===== Record excerpts

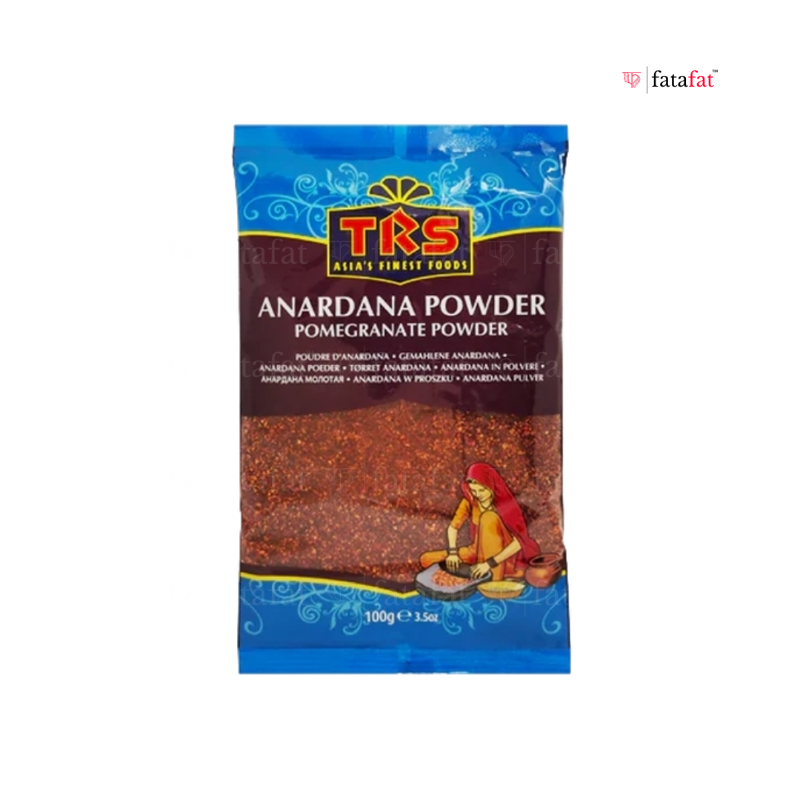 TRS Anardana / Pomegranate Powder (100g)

==========
===== Record excerpts

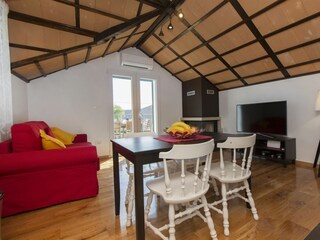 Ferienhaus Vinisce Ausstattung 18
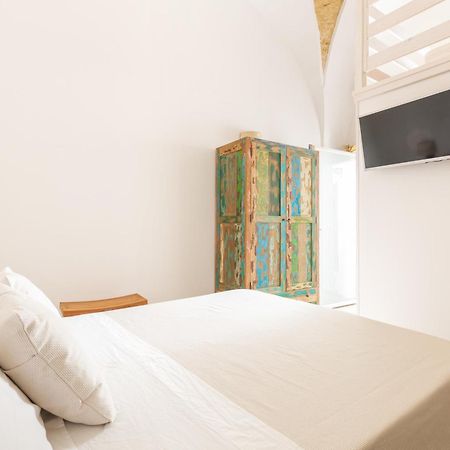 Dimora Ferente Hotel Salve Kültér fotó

==========
===== Record excerpts

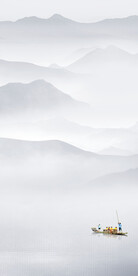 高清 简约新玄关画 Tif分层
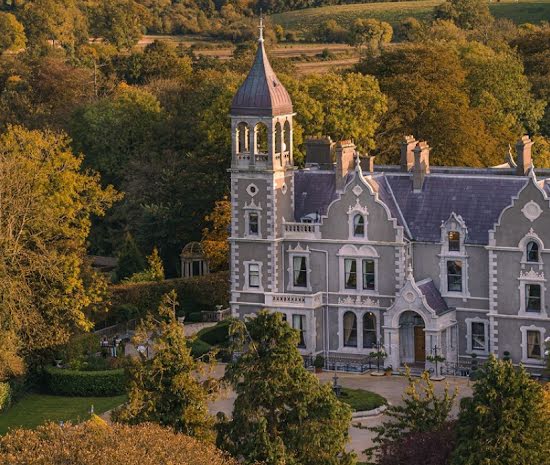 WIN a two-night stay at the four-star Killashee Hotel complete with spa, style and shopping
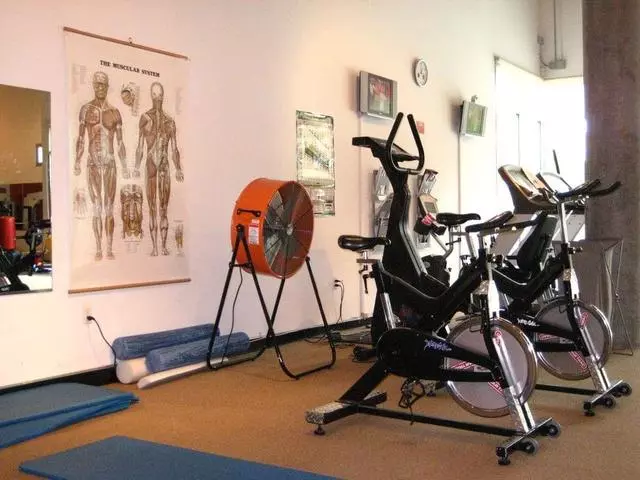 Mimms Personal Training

==========

Try it
Reproduce the records above exactly, but only from the line with "高清 简约新玄关画 Tif分层" up to and including the line with "Mimms Personal Training". Leave the pictures out.

Your solution
 高清 简约新玄关画 Tif分层
 WIN a two-night stay at the four-star Killashee Hotel complete with spa, style and shopping
 Mimms Personal Training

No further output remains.